Subparagraph 128B(3)(jb)(ii)
This ruling will only apply to income consisting of interest or dividends and, as such, subparagraph 128B(3)(jb)(ii) is satisfied.
Subparagraph 128B(3)(jb)(iii)
The Fund is exempt from Country Y taxation in accordance with § 501(a) of the Internal Revenue Code of the Country Y.
Consequently, the relevant interest and/or dividend income of the Fund is exempt from income tax in the country in which it resides (being the Country Y) and subparagraph 128B(3)(jb)(iii) is satisfied.
Conclusion
Paragraph 128B(3)(jb) applies to interest and/or dividend income of the Fund such that the fund is excluded from liability to withholding tax on that interest and/or dividend income.
Question 2
Summary
Interest and/or dividend income derived by the Fund is not assessable and not exempt income of the Fund under section 128D.
Detailed reasoning
Section 128D provides:
128D Certain income not assessable
Income other than income to which section 128B applies by virtue of subsection (2A), (2C) or (9C) of that section upon which withholding tax is payable, or upon which withholding tax would, but for paragraph 128B(3)(ga), (jb) or (m), section 128F, section 128FA or section 128GB, be payable, is not assessable income and is not exempt income of a person.

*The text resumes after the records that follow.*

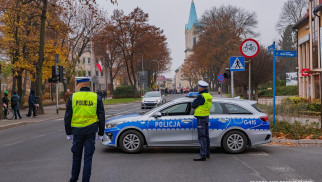 Oddali hołd i dbali o bezpieczeństwo podczas obchodów 106. rocznicy odzyskania Niepodległości przez Polskę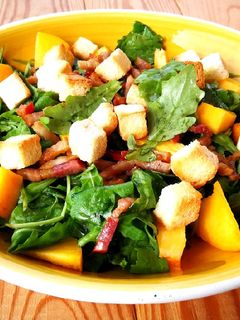 Una foto de Ensalada de rúcula con beicon y melocotón 🥓 🍑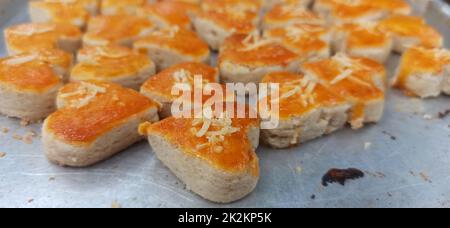 Biscuits faits maison, forme d'amour avec fromage Banque D'Images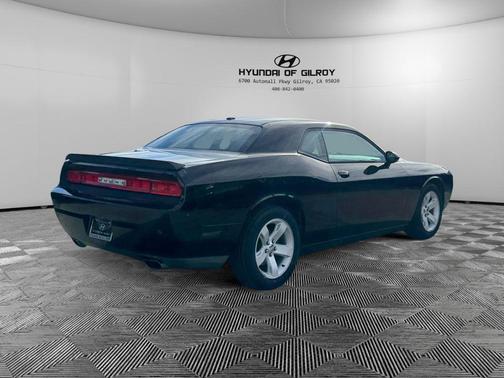 2014 Dodge Challenger SXT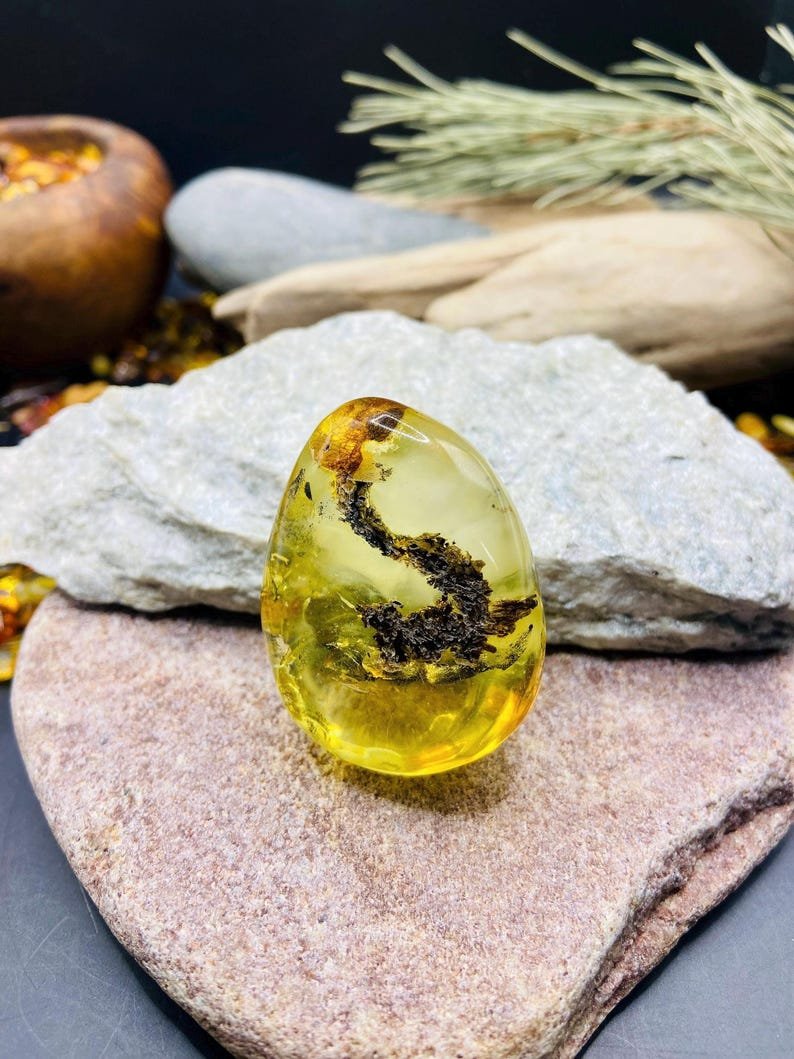 56548094-r-il-48d029-7310625260-il_794xN.7310625260_7208 Burvīgs Dzintara gabals ar unikāliem ietvērumiem, 20 grami smags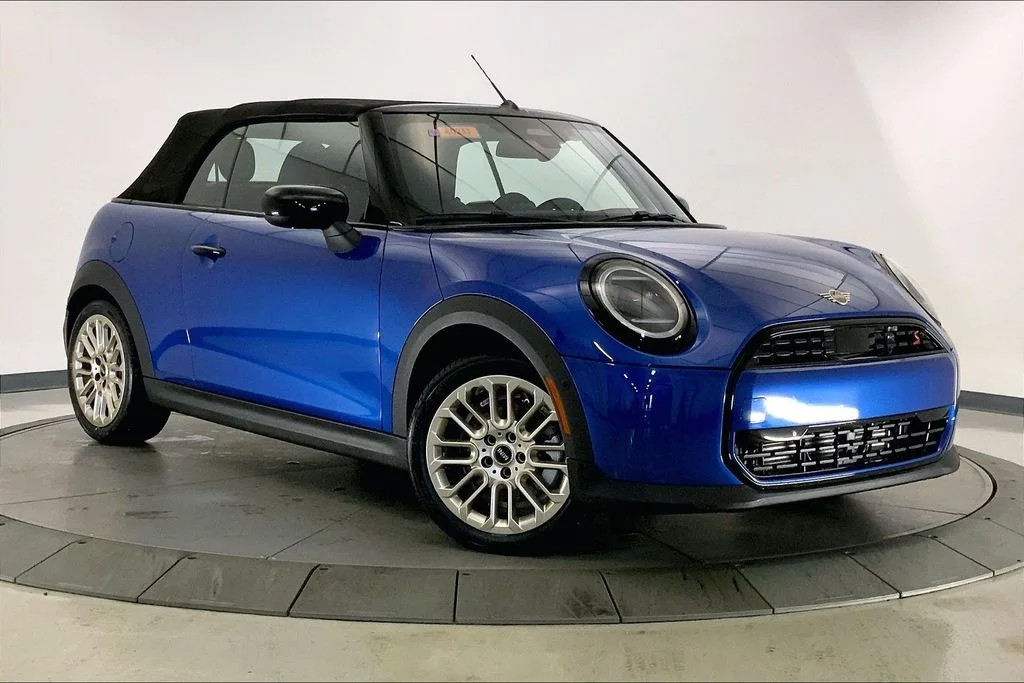 2026 MINI Convertible Cooper S Signature's photo
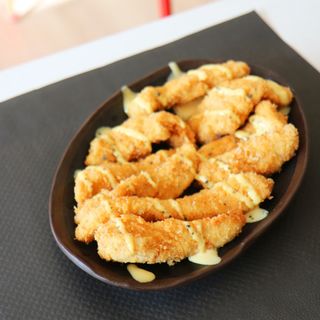 Fingers de pollo crujientes con salsa de miel mostaza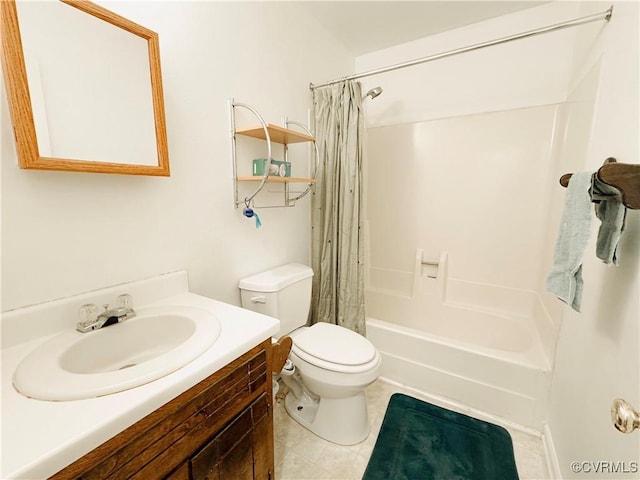 full bathroom with shower / bath combination with curtain, vanity, and toilet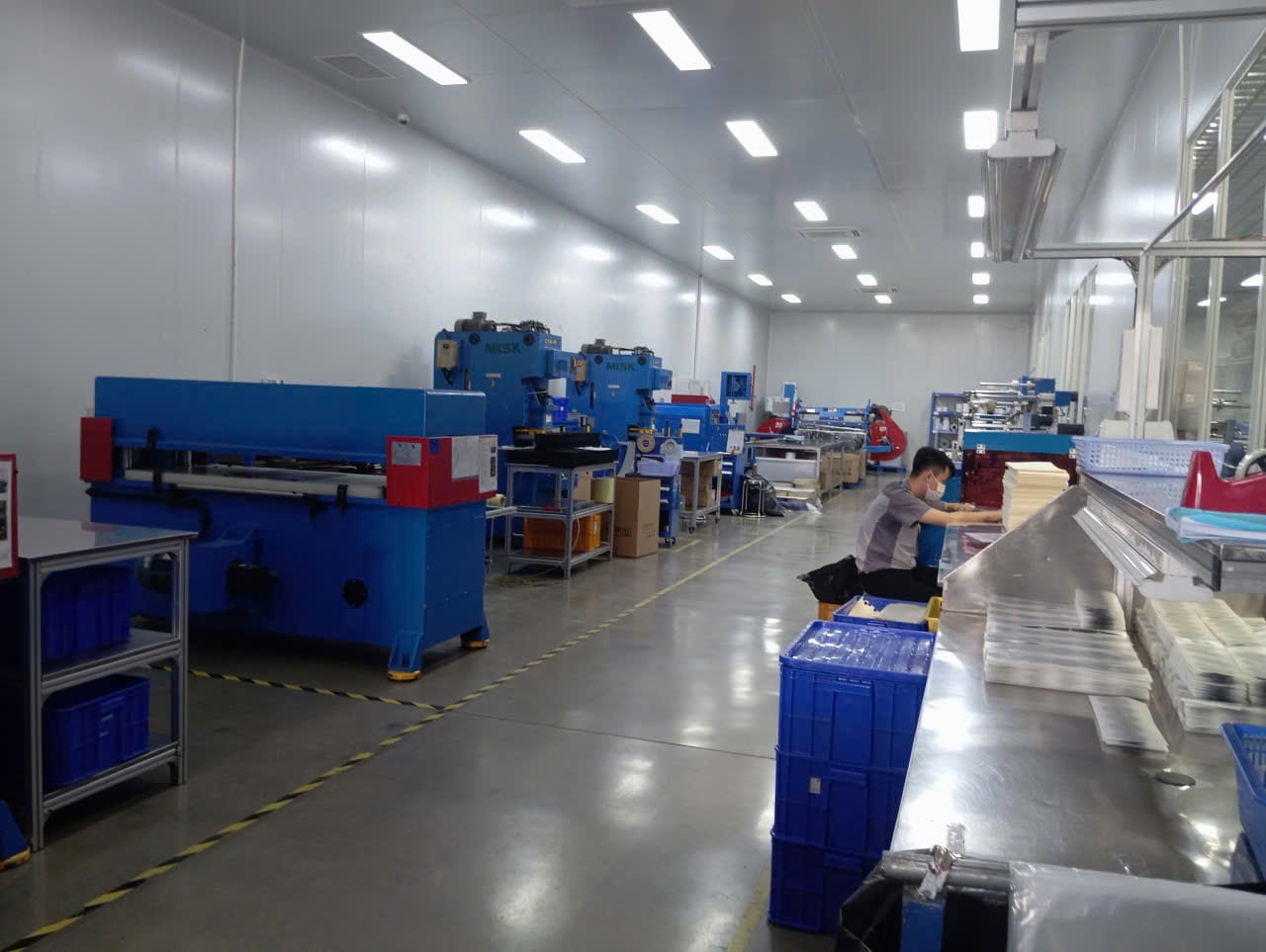Production floor at Century Creation, a DEWIN-verified Vietnamese supplier facility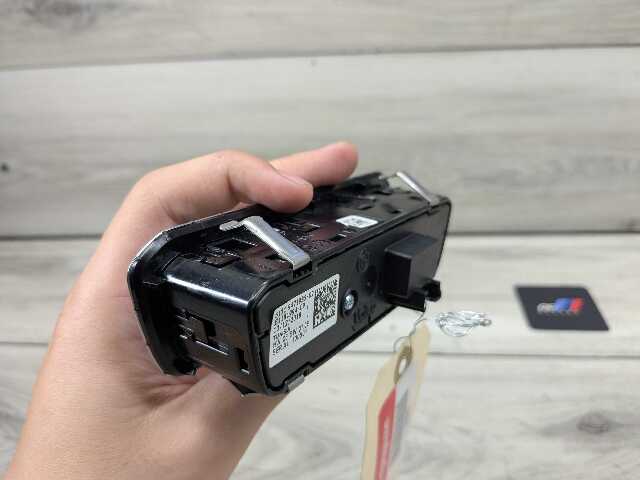 19-25 OEM BMW G05 G06 G07 X5 X6 X7 Headlight Switch Control Panel Light Module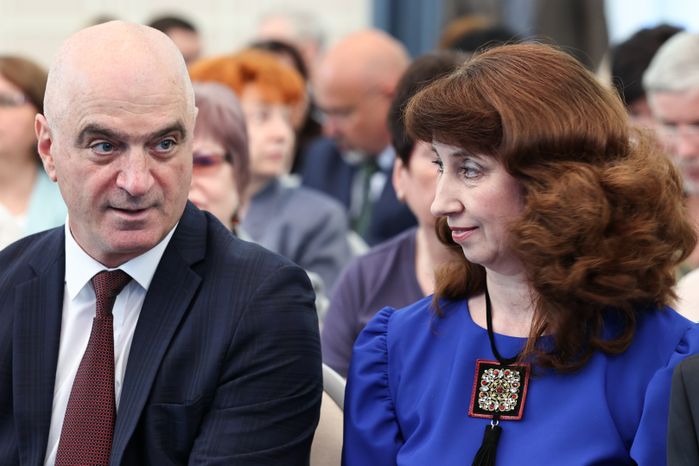 Подмосковных медработников поздравили с профессиональным праздником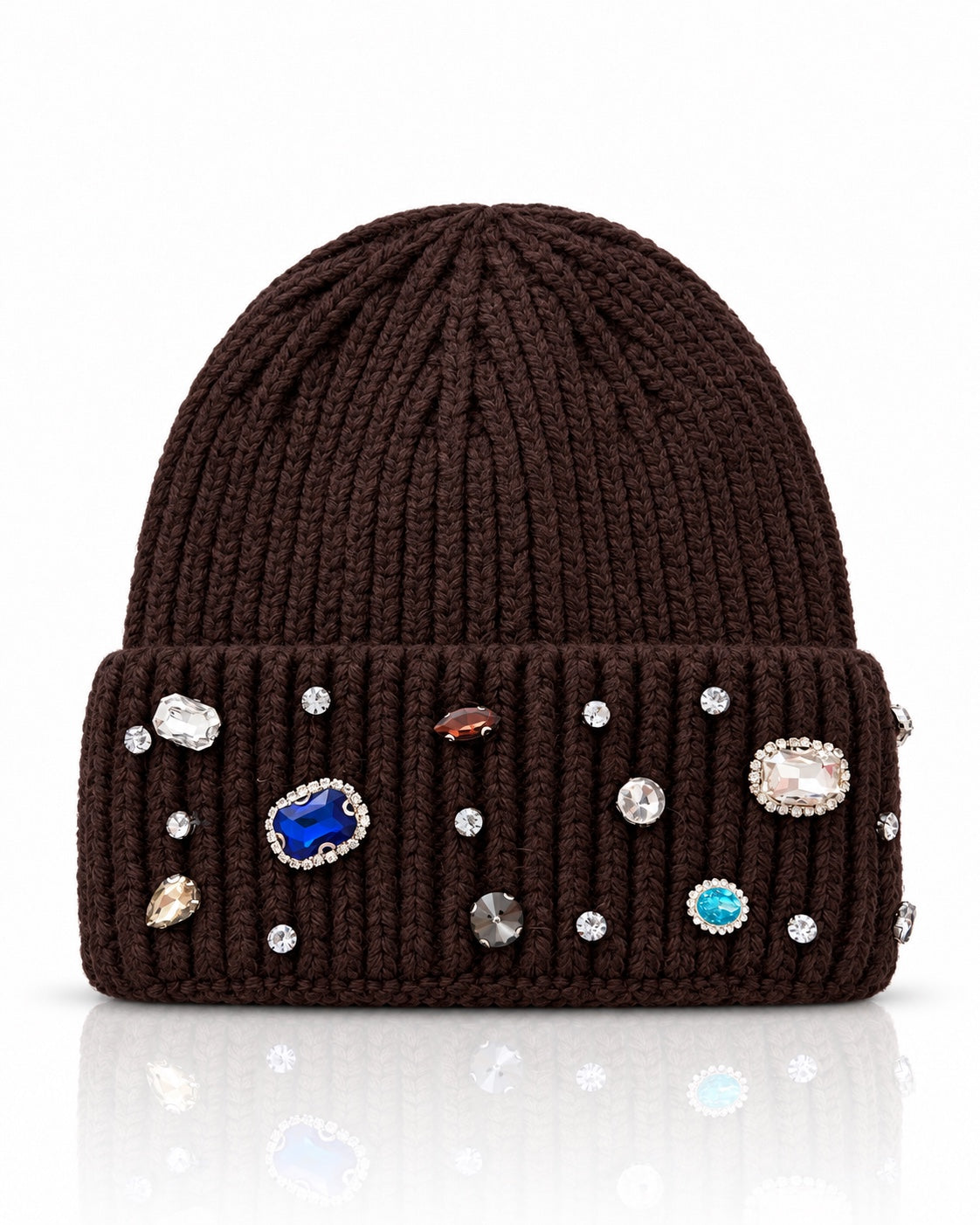 Dunkelbraune Rippstrickmütze mit bunten Kristallsteinen auf dem breiten Umschlagbund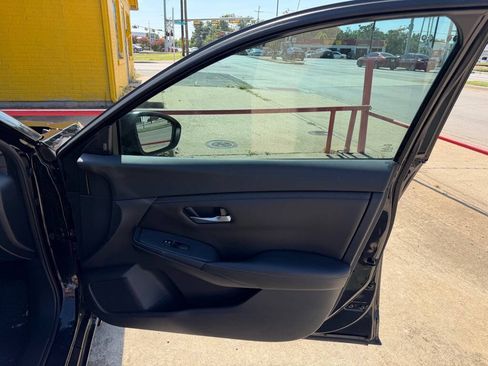 Used 2020 Nissan Sentra SV FWD image 14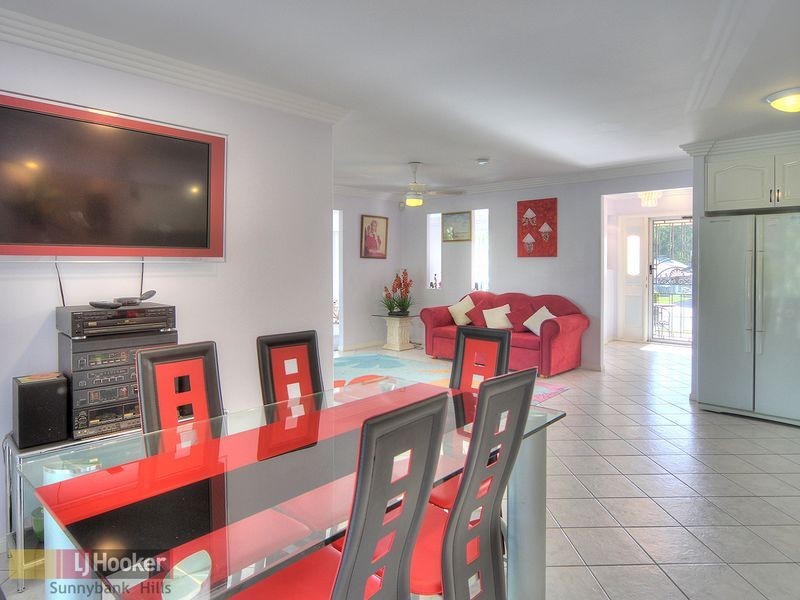 32 Lake Eyre Crescent, Parkinson QLD 4115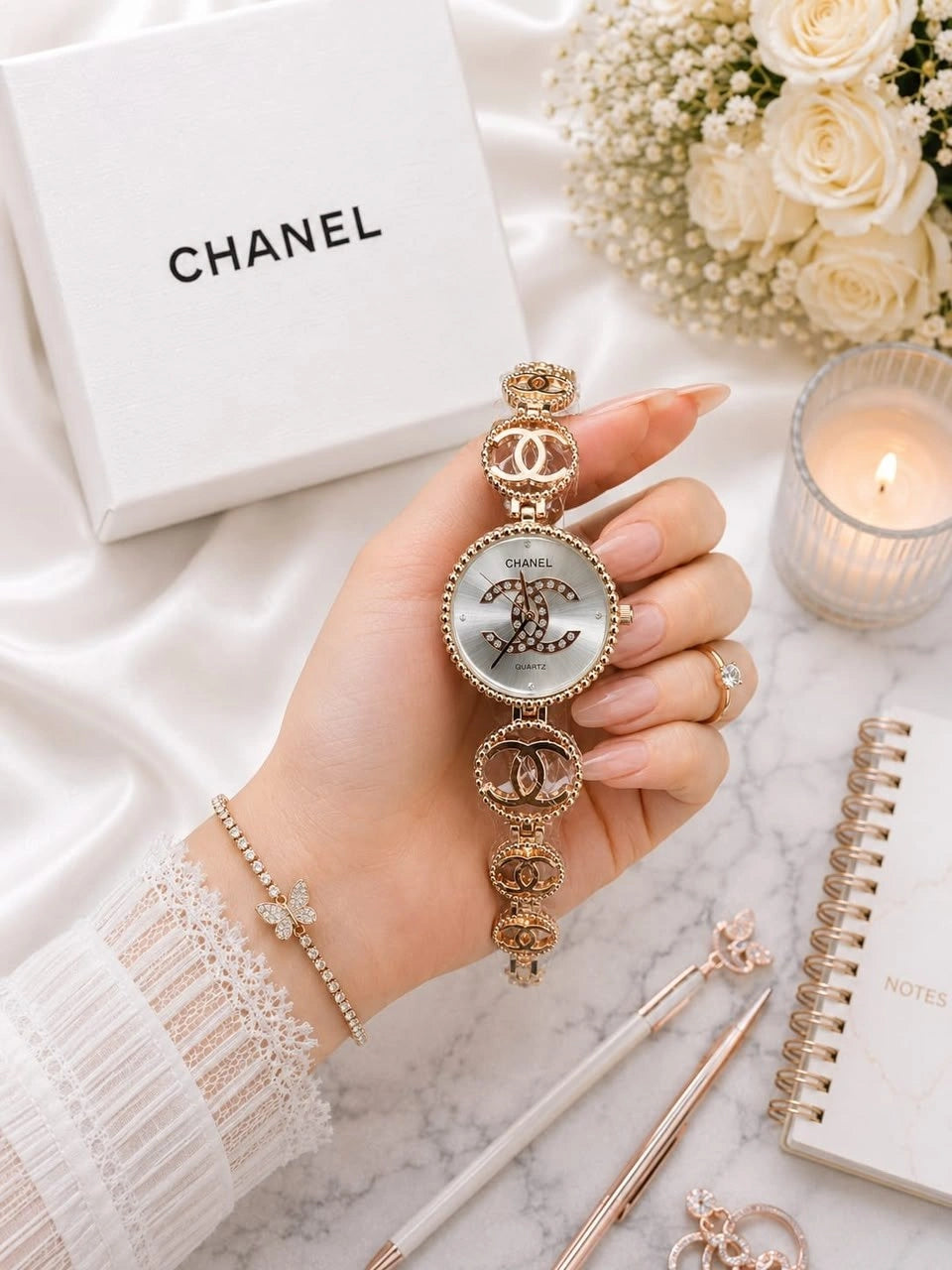 Ladies chain-link bracelet wristwatch with round dial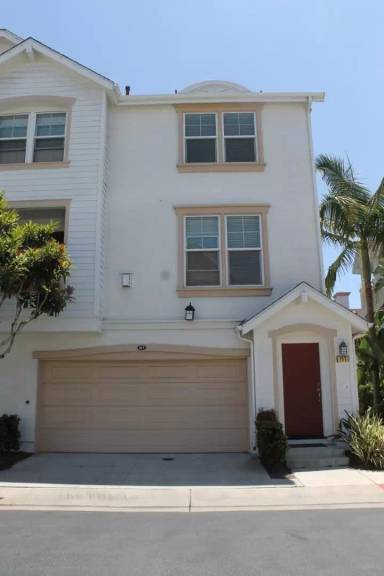 Main picture of 775 Harbor Cliff Way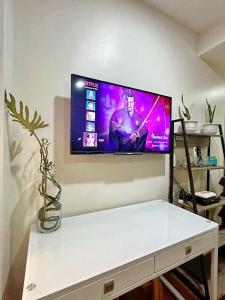 Acqua Private Residence Livingstone Tower Condo Unit with Free Wifi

Section 128B would apply to dividend and interest income derived by the Fund (by virtue of subsections 128B(1) and 128B(2) respectively), but for the operation of the withholding tax exemption under paragraph 128B(3)(jb). As paragraph 128B(3)(jb) is specifically referred to in section 128D, any interest or dividend income derived by Fund will be considered not assessable and not exempt income under section 128D.